Article XVIII of The Baptist Faith & Message 2000 reads:
“God has ordained the family as the foundational institution of human society. It is composed of persons related to one another by marriage, blood, or adoption.
“Marriage is the uniting of one man and one woman in covenant commitment for a lifetime. It is God’s unique gift to reveal the union between Christ and His church and to provide for the man and the woman in marriage the framework for intimate companionship, the channel of sexual expression according to biblical standards, and the means for procreation of the human race.

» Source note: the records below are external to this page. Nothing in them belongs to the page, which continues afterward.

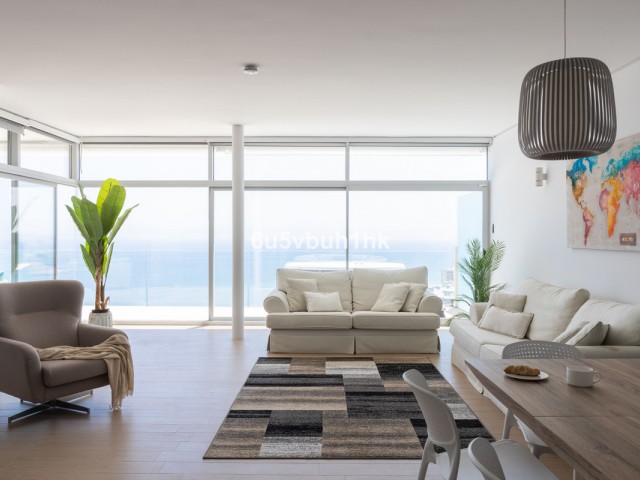 Penthouse in Fuengirola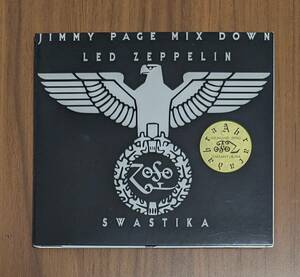 Led Zeppelin / SWASTIKA (2CD) Tarantura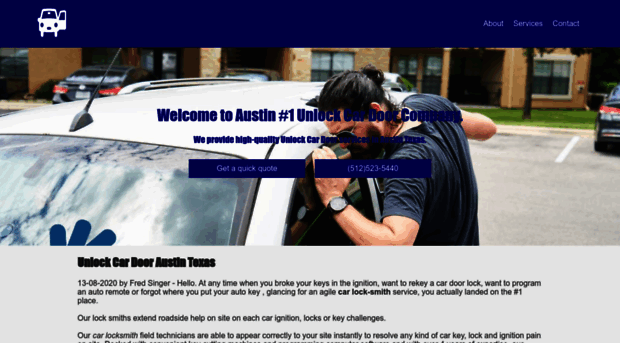 unlockcardooraustin.com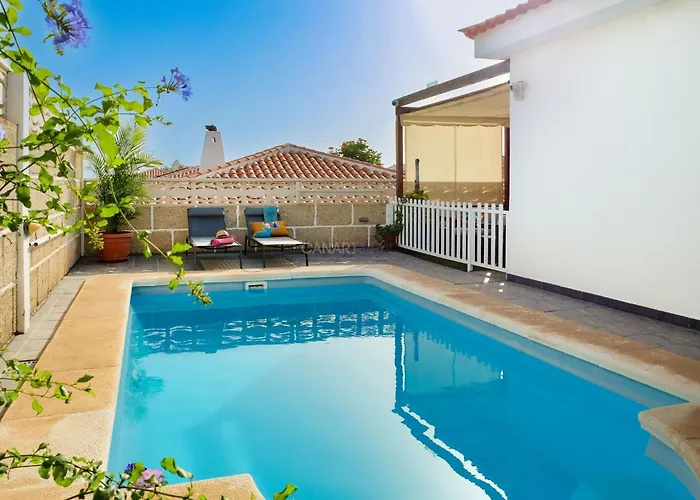 La Marieta Tatil Evi *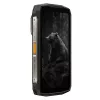 Nutitelefon UleFone Armor Mini 20 5,5-tolline 8 GB muutmälu 256 GB salvestusruum must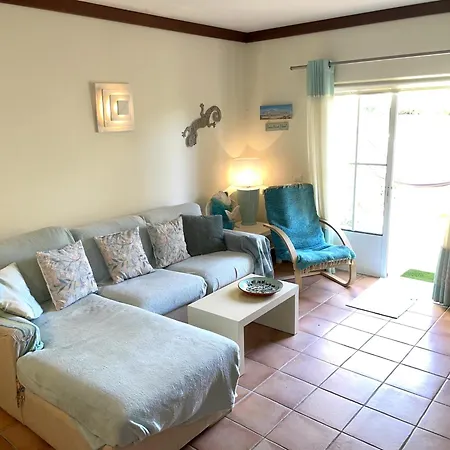 22 Terracos De - Casa Liz Semesterbostad Benagil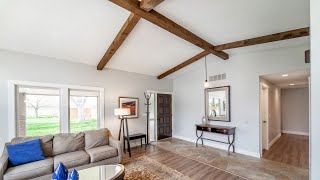 Meridian, ID Kitchen, Sunroom, Patio Remodel (Virtual Tour) Renaissance Remodeling 208-384-0591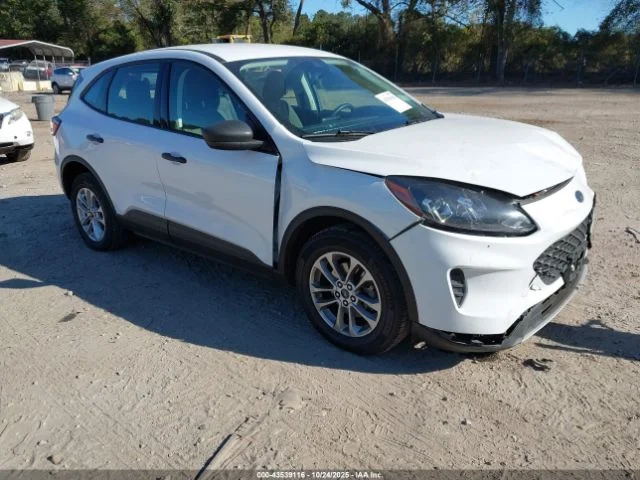 FORD ESCAPE S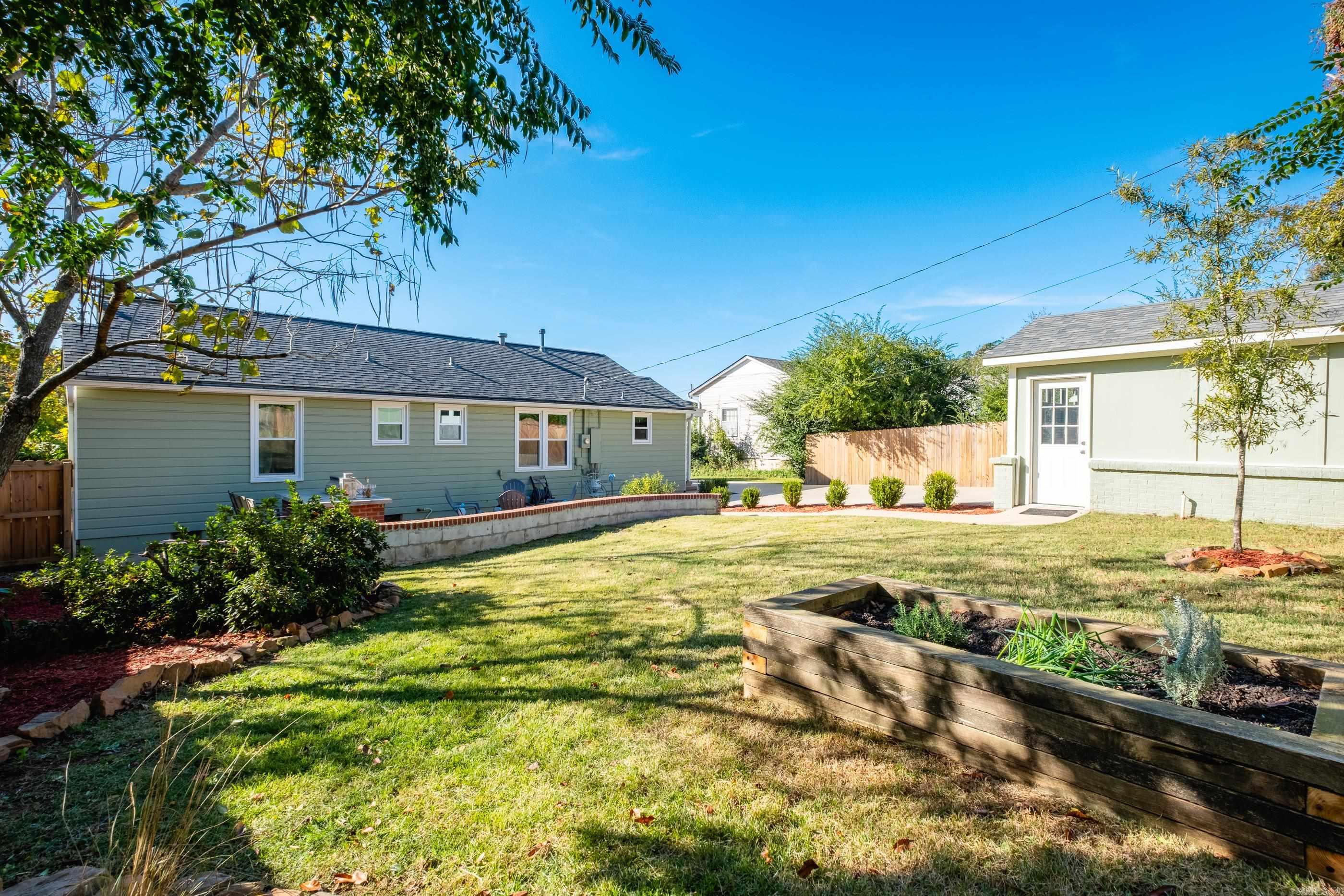 2901 Dalewood Road Little Rock, AR 72207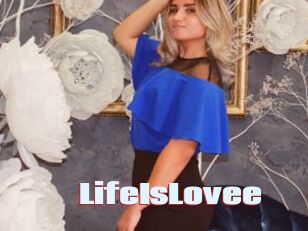 LifeIsLovee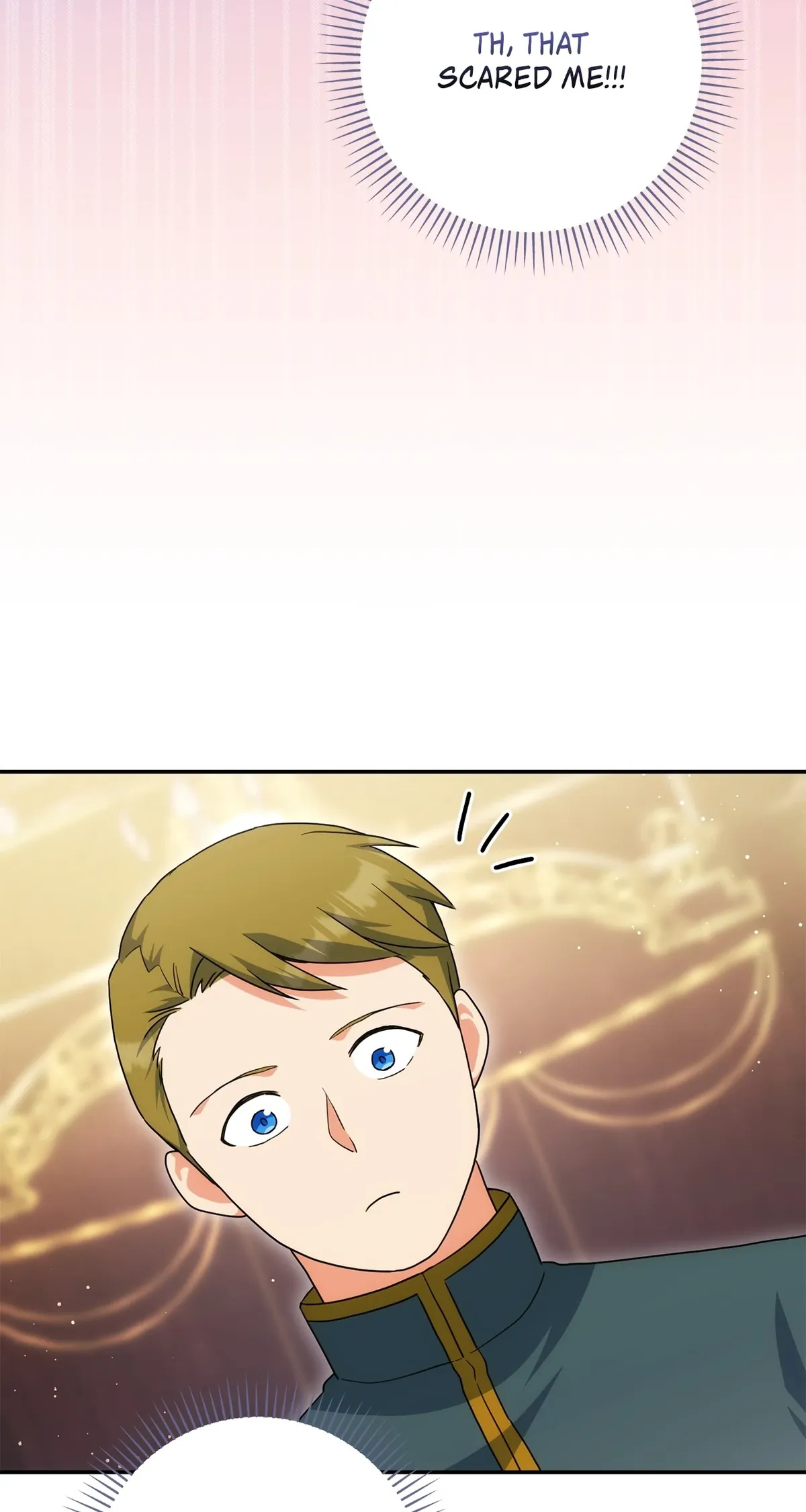 The Princess in The Henhouse Chapter 40 Online - página 24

“The husband and wife are of equal worth before God, since both are created in God’s image. The marriage relationship models the way God relates to His people. A husband is to love his wife as Christ loved the church. He has the God-given responsibility to provide for, to protect, and to lead his family. A wife is to submit herself graciously to the servant leadership of her husband even as the church willingly submits to the headship of Christ. She, being in the image of God as is her husband and thus equal to him, has the God-given responsibility to respect her husband and to serve as his helper in managing the household and nurturing the next generation.
“Children, from the moment of conception, are a blessing and heritage from the Lord. Parents are to demonstrate to their children God’s pattern for marriage. Parents are to teach their children spiritual and moral values and to lead them, through consistent lifestyle example and loving discipline, to make choices based on biblical truth. Children are to honor and obey their parents.”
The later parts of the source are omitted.